EDOUARD: There is rarely any pushback after publishing, because I don’t think we’ve ever published something without the consent or the legal approval of the source. However there can be, not some pushback but some difficulties with getting the data in the first place. Just because some of our researchers have been working on some topics for years and years, they know that some data is available in the world about topic X. And they know that it belongs to a company for example, or that it’s stored in a database somewhere, but that it’s impossible currently to access it. It can be especially the case in things like energy, where some of the big petrol companies in the world have a wealth of data that we know them to have, but that is very difficult to access because it represents things that can be confidential, and things that could be like an economic resource for them so they’re not super used to making it public.

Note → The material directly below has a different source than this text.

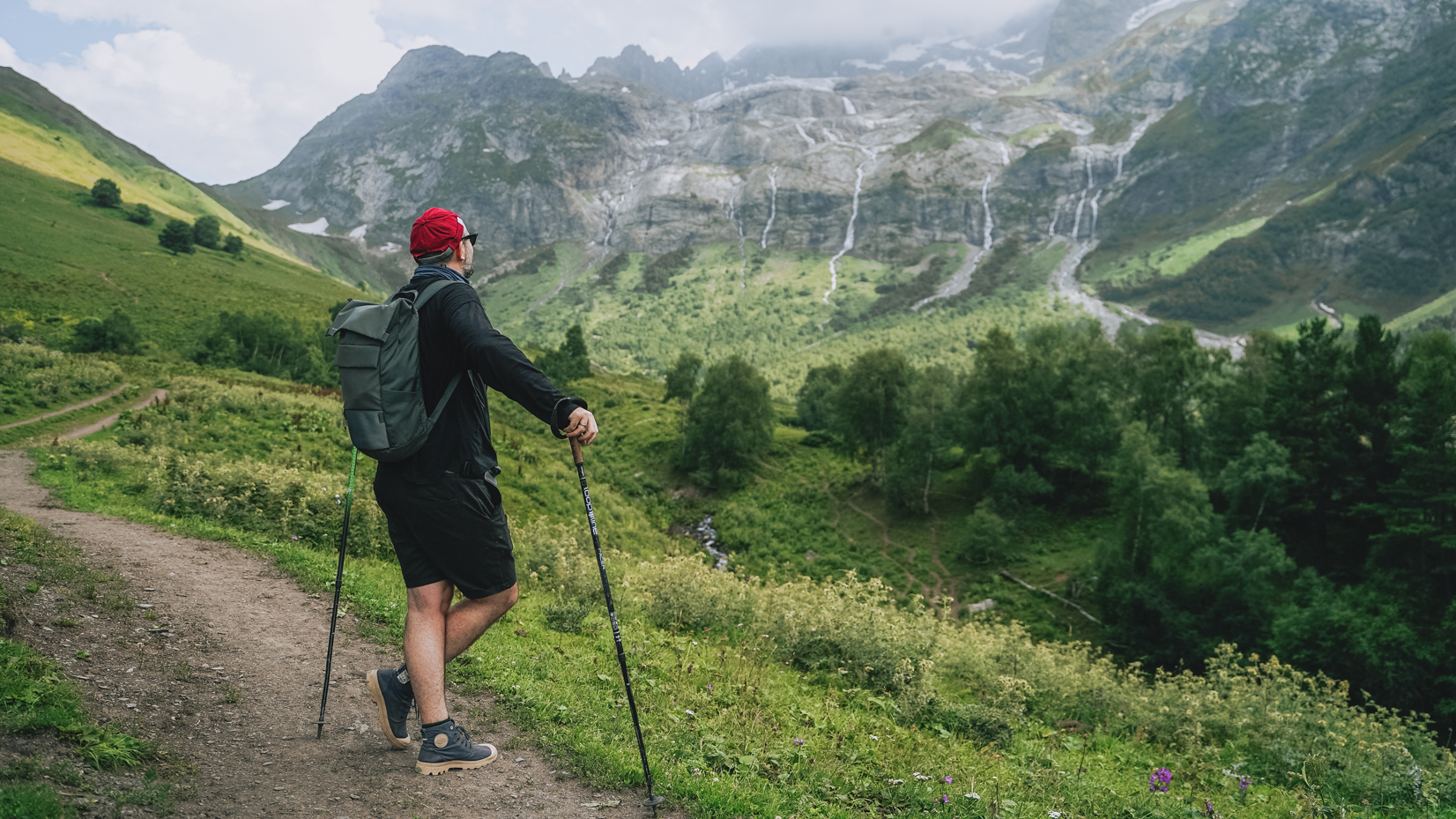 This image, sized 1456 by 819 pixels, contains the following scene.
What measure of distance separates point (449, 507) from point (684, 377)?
61.4 metres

So, we’ve had some time discussion with these groups, with these institutions, with these companies, to try to get them to make the data available. Once this is done usually, they are really happy with the result, also because it’s really not our style to change the numbers or to do anything weird with the data.

So we usually just take the data, we make it into a form that we think is much more understandable for the public, or in terms of the data sets we make it into a form that is reusable by people in a machine readable way. The sources we use are either already making the data public, or we get them to do it and then they’re really happy they’ve done it.

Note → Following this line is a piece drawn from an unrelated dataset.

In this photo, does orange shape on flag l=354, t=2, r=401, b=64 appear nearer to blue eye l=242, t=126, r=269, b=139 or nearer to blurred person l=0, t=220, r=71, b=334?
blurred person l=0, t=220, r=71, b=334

IVAN: I love this idea that the data is machine readable and also available on GitHub, and that the URLs are the same, so that you can get the latest vaccination data for the United States, for example, by simply pinging the same URL once a day. There’s nothing that changes on it except the data. The URL doesn’t change. That’s a wonderful asset that you have, and I hope that it continues. I hope that you continue to evolve the data sets and that this continues to be the way you publish data.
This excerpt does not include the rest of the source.